WHAT YOU WILL DO: Please reproduce the entries exactly, skipping each picture.

SUPPLIED INFORMATION:
···
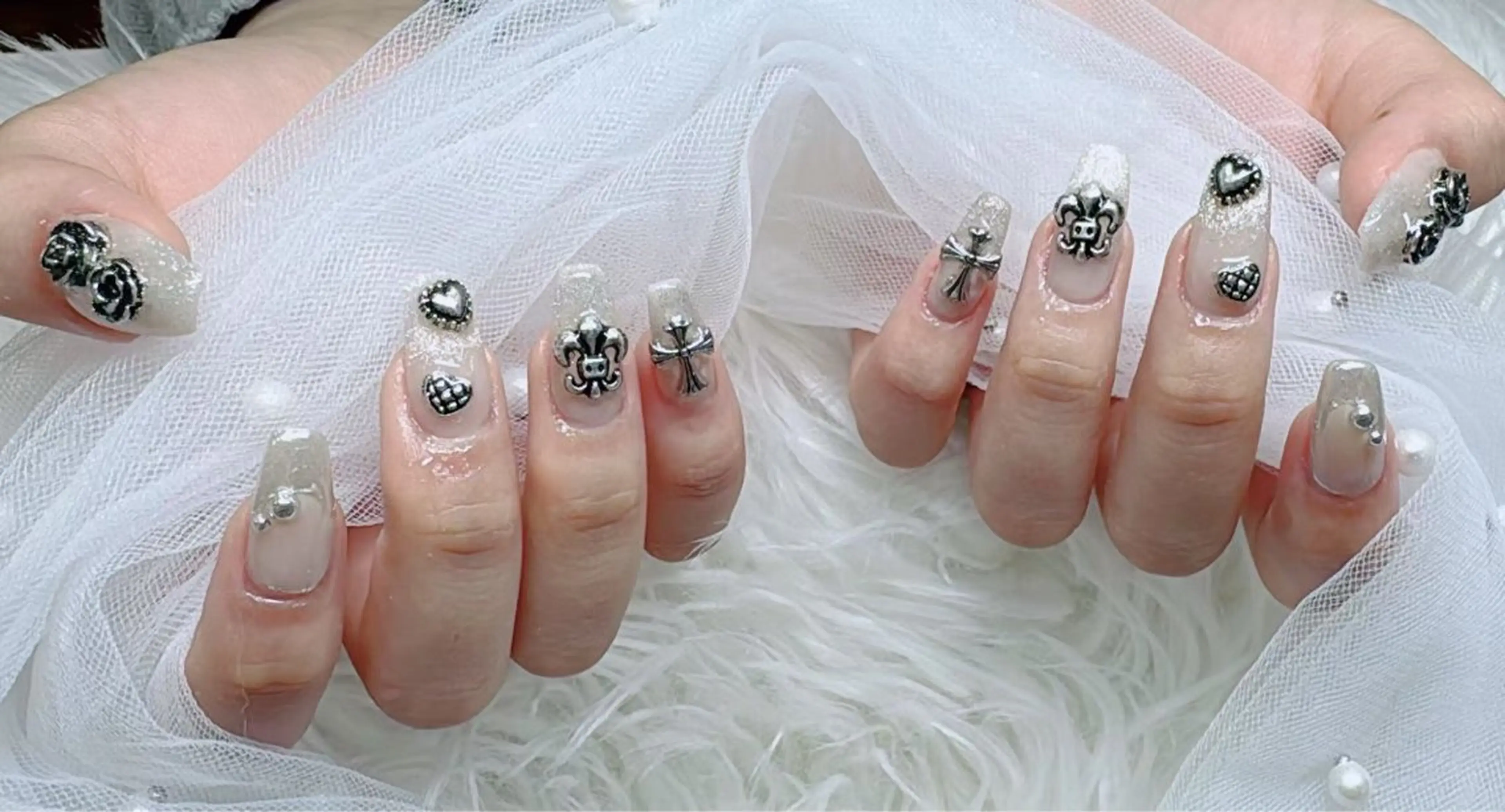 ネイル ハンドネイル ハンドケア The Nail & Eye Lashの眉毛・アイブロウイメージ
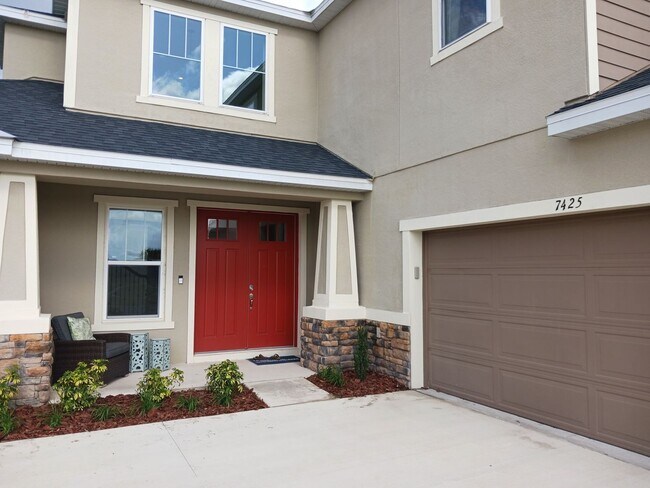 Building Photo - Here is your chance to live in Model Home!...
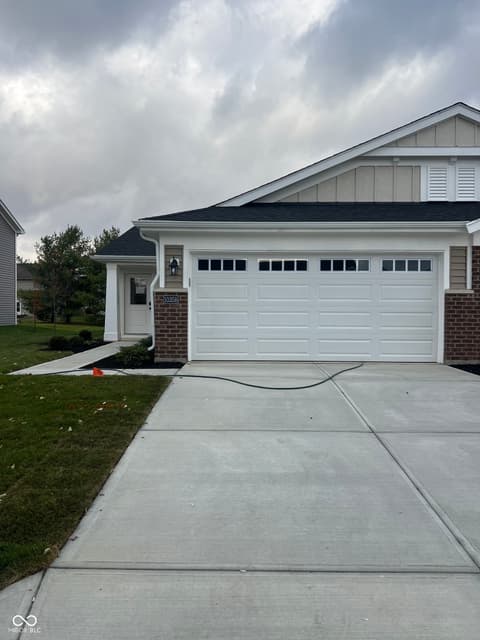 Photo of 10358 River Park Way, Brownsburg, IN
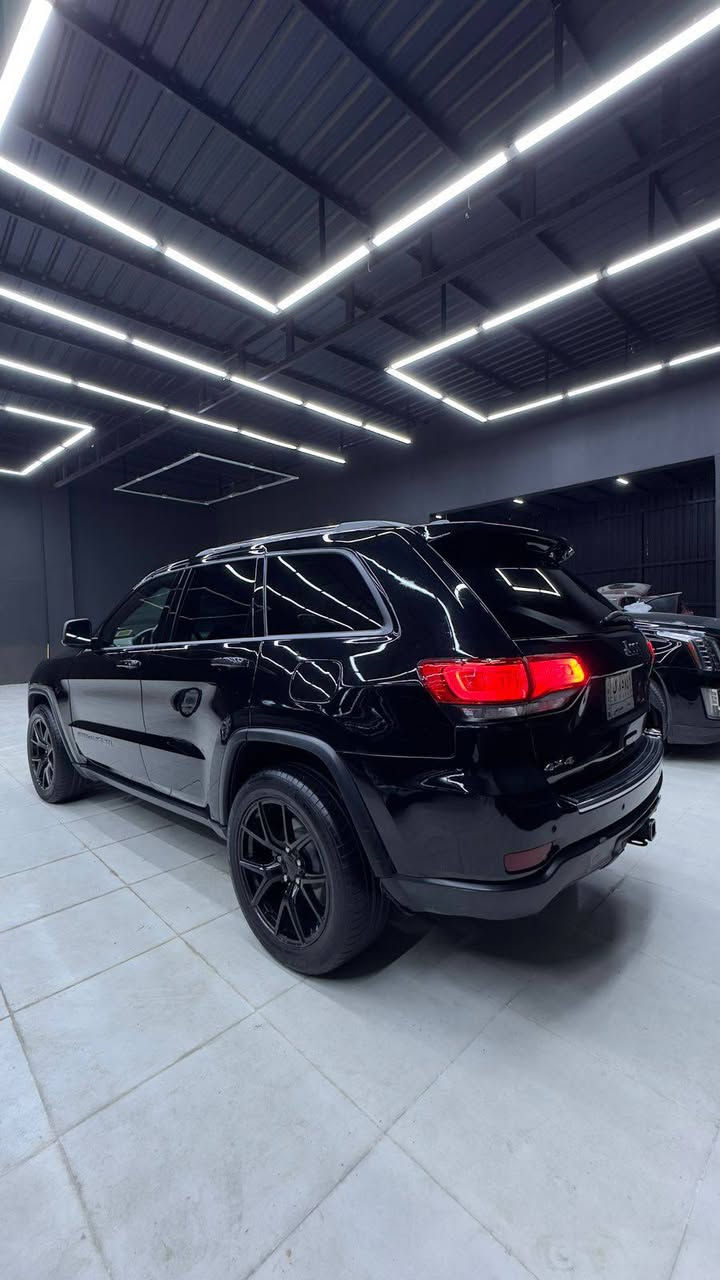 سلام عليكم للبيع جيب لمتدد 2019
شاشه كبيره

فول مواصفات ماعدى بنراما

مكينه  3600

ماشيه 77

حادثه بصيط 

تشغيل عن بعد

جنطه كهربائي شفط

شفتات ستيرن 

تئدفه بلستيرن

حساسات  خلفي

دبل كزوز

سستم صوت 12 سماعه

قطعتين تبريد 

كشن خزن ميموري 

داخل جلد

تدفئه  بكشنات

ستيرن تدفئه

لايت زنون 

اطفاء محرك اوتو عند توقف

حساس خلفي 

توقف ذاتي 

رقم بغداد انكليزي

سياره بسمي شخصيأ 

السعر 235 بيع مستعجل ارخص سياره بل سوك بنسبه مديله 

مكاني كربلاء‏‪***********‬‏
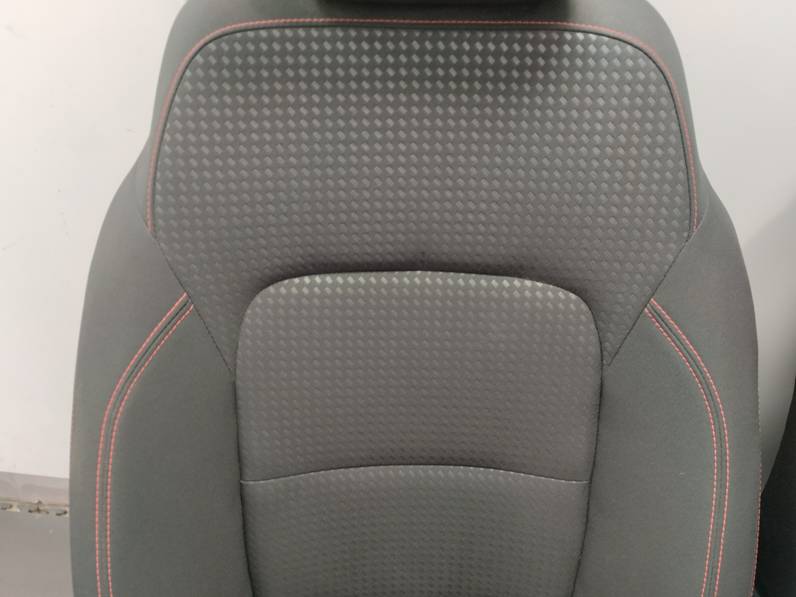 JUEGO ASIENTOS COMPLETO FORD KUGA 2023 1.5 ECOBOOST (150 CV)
···
EXERCISE SOLUTION:
 ネイル ハンドネイル ハンドケア The Nail & Eye Lashの眉毛・アイブロウイメージ
 Building Photo - Here is your chance to live in Model Home!...
 Photo of 10358 River Park Way, Brownsburg, IN
 سلام عليكم للبيع جيب لمتدد 2019
شاشه كبيره

فول مواصفات ماعدى بنراما

مكينه  3600

ماشيه 77

حادثه بصيط 

تشغيل عن بعد

جنطه كهربائي شفط

شفتات ستيرن 

تئدفه بلستيرن

حساسات  خلفي

دبل كزوز

سستم صوت 12 سماعه

قطعتين تبريد 

كشن خزن ميموري 

داخل جلد

تدفئه  بكشنات

ستيرن تدفئه

لايت زنون 

اطفاء محرك اوتو عند توقف

حساس خلفي 

توقف ذاتي 

رقم بغداد انكليزي

سياره بسمي شخصيأ 

السعر 235 بيع مستعجل ارخص سياره بل سوك بنسبه مديله 

مكاني كربلاء‏‪***********‬‏
 JUEGO ASIENTOS COMPLETO FORD KUGA 2023 1.5 ECOBOOST (150 CV)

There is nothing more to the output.